Pfs is implemented as a distributed layer on top of btrfs, the same copy-on-write file system that powers Docker. Btrfs already offers git-like semantics on a single machine; pfs scales these out to an entire cluster. This allows features such as:

Commit-based history: File systems are generally single-state entities. Pfs, on the other hand, provides a rich history of every previous state of your cluster. You can always revert to a prior commit in the event of a disaster.
Branching: Thanks to btrfs's copy-on-write semantics, branching is ridiculously cheap in pfs. Each user can experiment freely in their own branch without impacting anyone else or the underlying data. Branches can easily be merged back in the main cluster.
Cloning: Btrfs's send/receive functionality allows pfs to efficiently copy an entire cluster's worth of data while still maintaining its commit history.

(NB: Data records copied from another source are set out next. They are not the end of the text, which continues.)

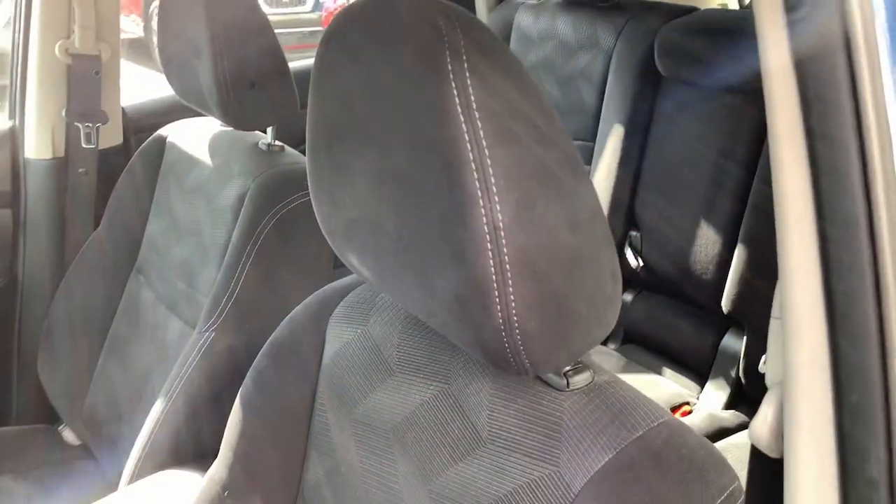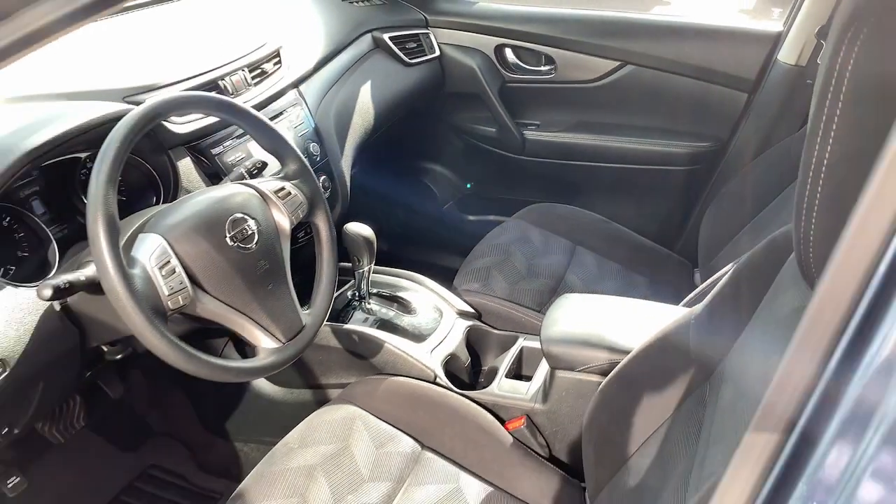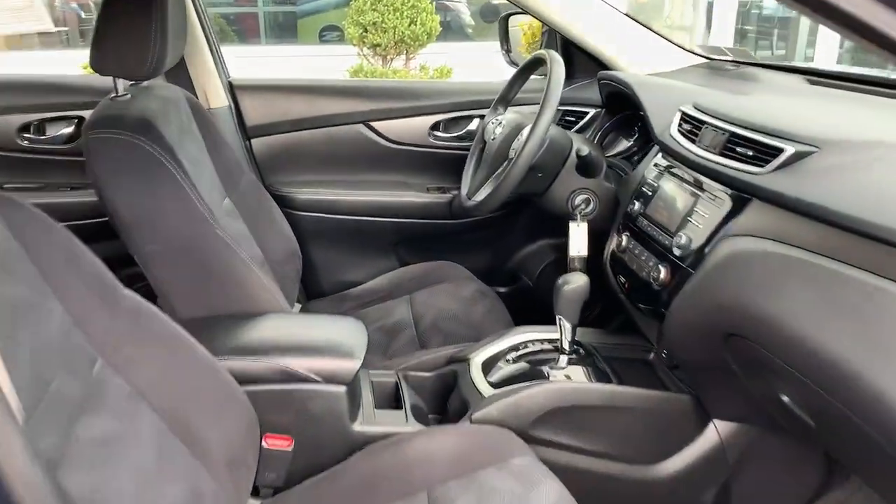Get the comfort you want and the efficiency you need in this handsome Rogue. Our team will give you an outstanding test drive experience. Stop in today.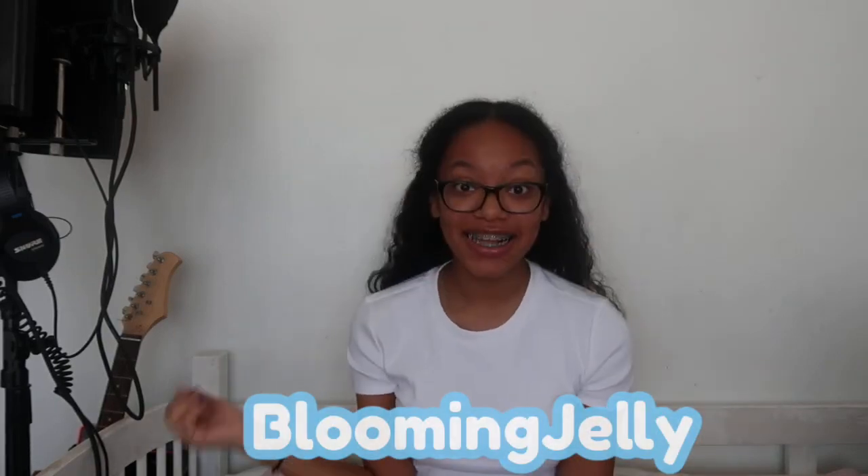Hey guys, what is up! It's just me, Malia, by myself in this video. I know it's a little weird — you haven't really seen me in a sit-down video by myself — but here we are. Today I'm going to be doing a review slash try-on haul of Blooming Jelly. If you guys don't know what Blooming Jelly is, it's basically an online website where you can buy anything from swimsuits to dresses to even sportswear for pretty affordable prices. I'm going to be trying on and reviewing six items from their sports collection, so keep on watching.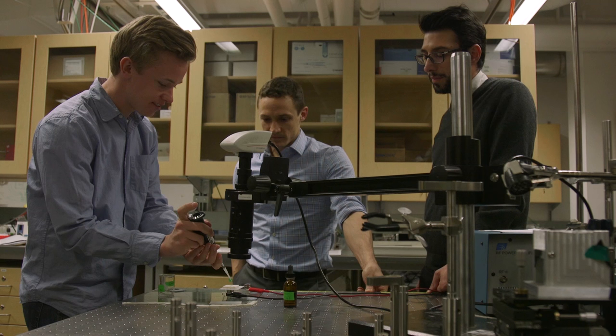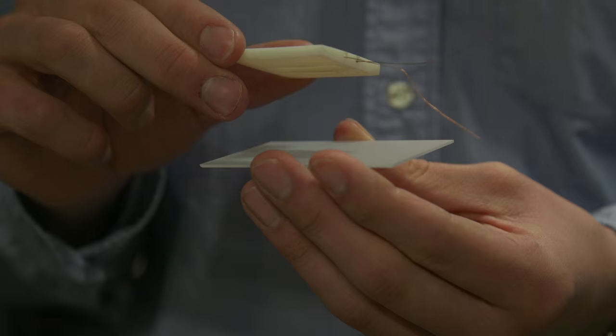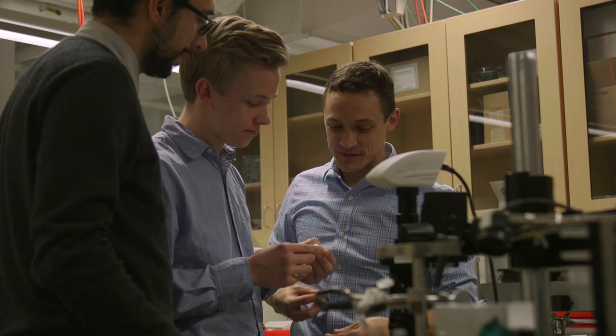The main thing that inspires me about the research I do is really being able to apply the concepts and things that I've learned in my lectures and classes towards a real-world engineering problem. It's really interesting being able to work in a laboratory and do hands-on work and get experience and do experiments and design your own research.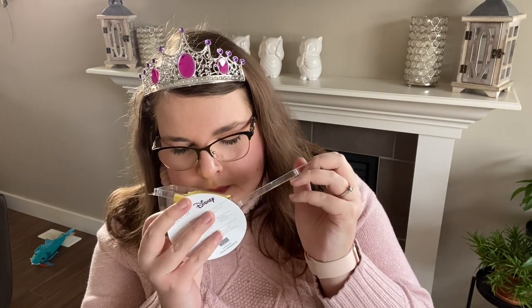Next we have Belle. This one is Enchanted Rose. We also had a Beauty and the Beast bar last season called The Last Petal — this is a completely different scent, so be aware of that. Enchanted Rose is rose petals, passion fruit, and sandalwood. For me this is largely just rose, maybe a little bit of sandalwood to deepen it and make it last longer, but it's rose.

What are containerized analytics?

Rather than thinking in terms of map or reduce jobs, pps thinks in terms of pipelines expressed within a container. A pipeline is a generic way expressing computation over large datasets and it’s containerized to make it easily portable, isolated, and easy to monitor. In Pachyderm, all analysis runs in containers. You can write them in any language you want and include any libraries.

Using Pachyderm

Prerequisites

Requirements:

Go 1.5
Docker 1.9

More Info

Launch a Development Cluster

To start a development cluster run:

make launch

This will compile the code on your local machine and launch it as a docker-compose service. A succesful launch looks like this:

docker-compose ps
        Name                       Command               State                                 Ports
-----------------------------------------------------------------------------------------------------------------------------------
pachyderm_btrfs_1       sh entrypoint.sh                 Up
pachyderm_etcd_1        /etcd -advertise-client-ur ...   Up      0.0.0.0:2379->2379/tcp, 2380/tcp, 4001/tcp, 7001/tcp
pachyderm_pfs-roler_1   /pfs-roler                       Up
pachyderm_pfsd_1        sh btrfs-mount.sh /pfsd          Up      0.0.0.0:1050->1050/tcp, 0.0.0.0:650->650/tcp, 0.0.0.0:750->750/tcp
pachyderm_ppsd_1        /ppsd                            Up      0.0.0.0:1051->1051/tcp, 0.0.0.0:651->651/tcp
pachyderm_rethink_1     rethinkdb --bind all             Up      28015/tcp, 29015/tcp, 8080/tcp

Pachyderm CLI

Pachyderm has a CLI called pach. To install it:

make install

pach should be able to access dev clusters without any additional setup.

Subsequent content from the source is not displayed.